### [Problem statement]
Within the entries below, please return exactly the lines from the one with "Marqueur de tuyau" through the one with "IL license plate Z392707", leaving out any pictures.

(Provided data)

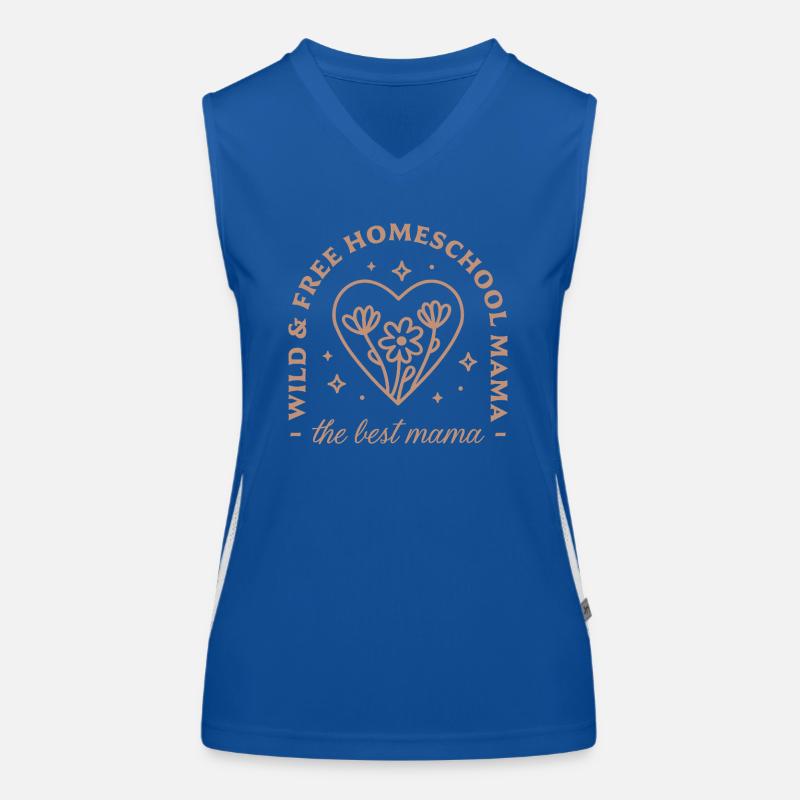 Homeschooling die beste Retro-Mutter Funktionelles Kontrast-Tank Top für Frauen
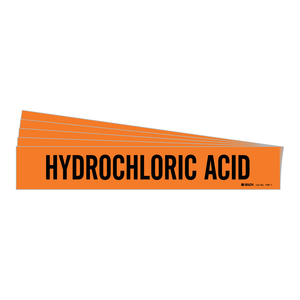 Marqueur de tuyau résistant aux produits chimiques Brady pour l'acide chlorhydrique, pour usage intérieur/extérieur - Product Image 1
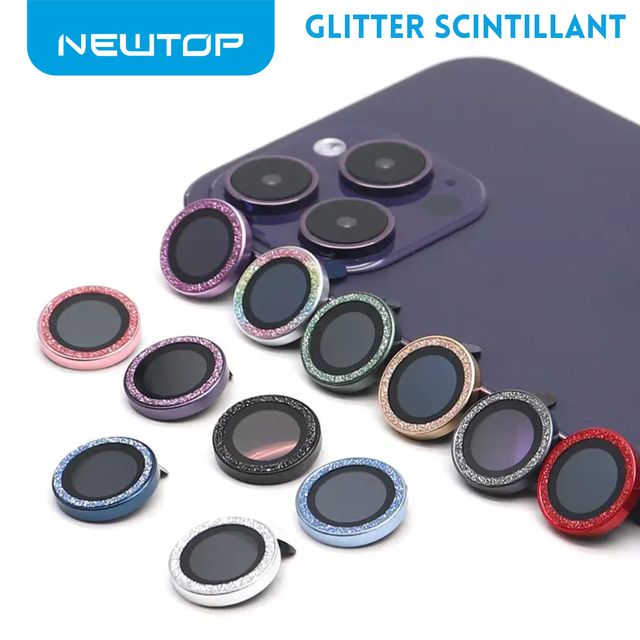 NEWTOP FOTOCAMERA GLITTER SCINTILLANT 9H VETRO TEMPERATO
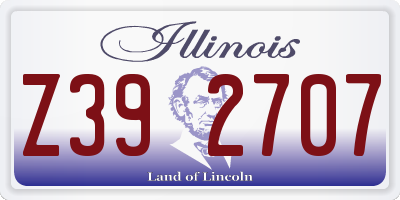 IL license plate Z392707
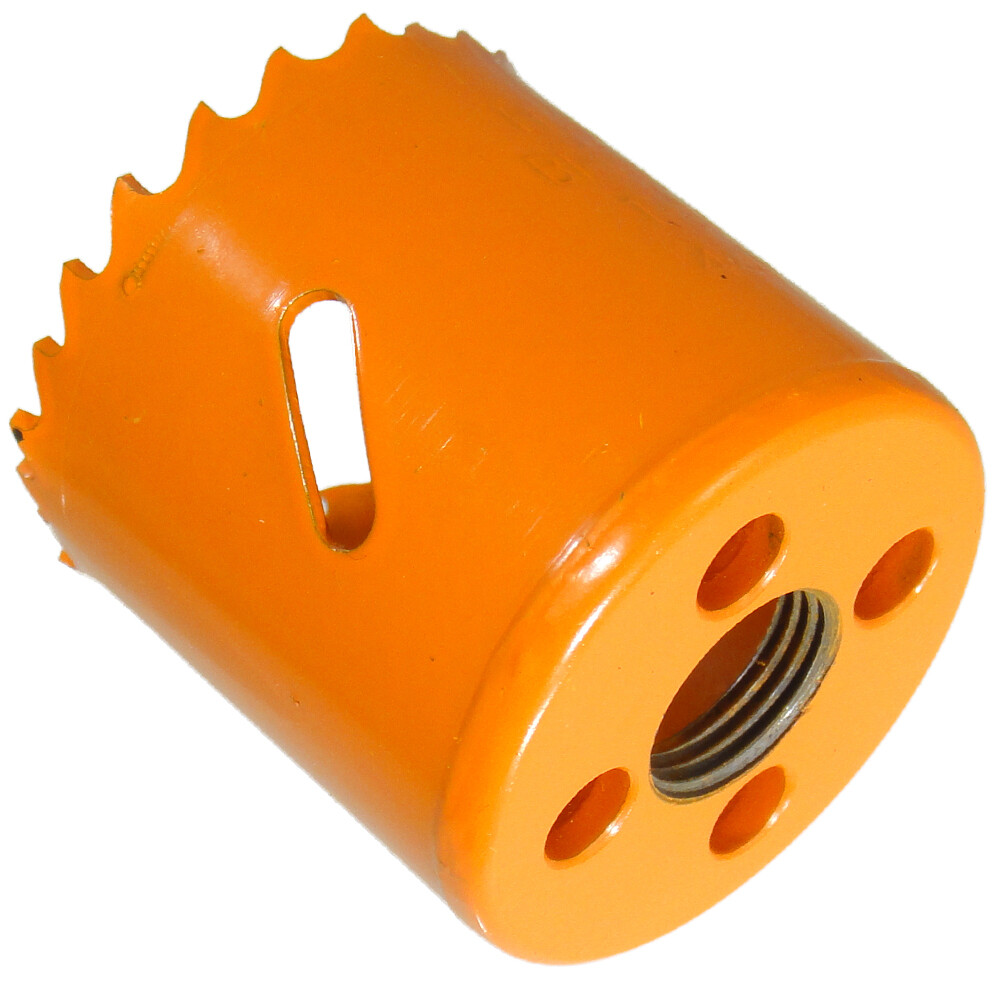 Ø 44 mm HSS BiM Lochsäge Bohrkrone 5/8" x 18 UNF für Metall Holz Inox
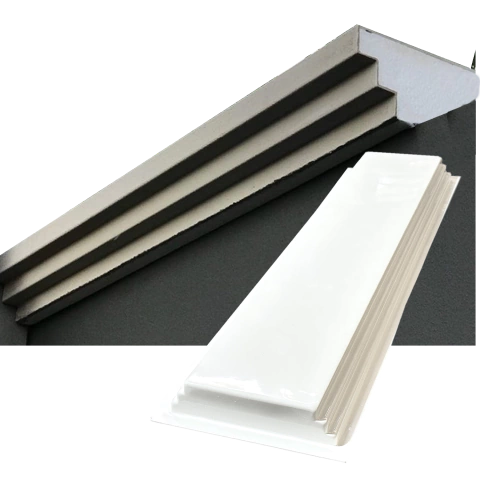 Fôrma 3d Pingadeira 3 Degraus 80x19cm Molde para cimento/concreto IN390 - comprar online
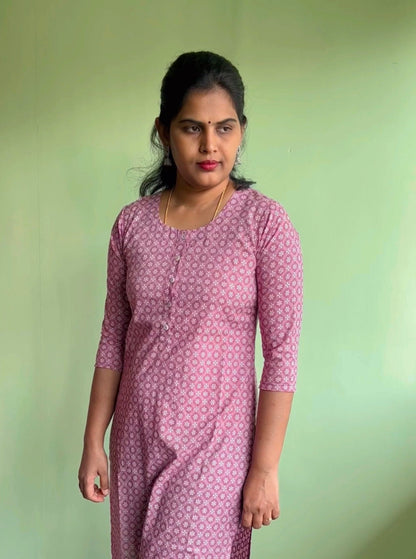 Adha - Office wear cotton kurti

(End Provided data)

### [Reply]
 Marqueur de tuyau résistant aux produits chimiques Brady pour l'acide chlorhydrique, pour usage intérieur/extérieur - Product Image 1
 NEWTOP FOTOCAMERA GLITTER SCINTILLANT 9H VETRO TEMPERATO
 IL license plate Z392707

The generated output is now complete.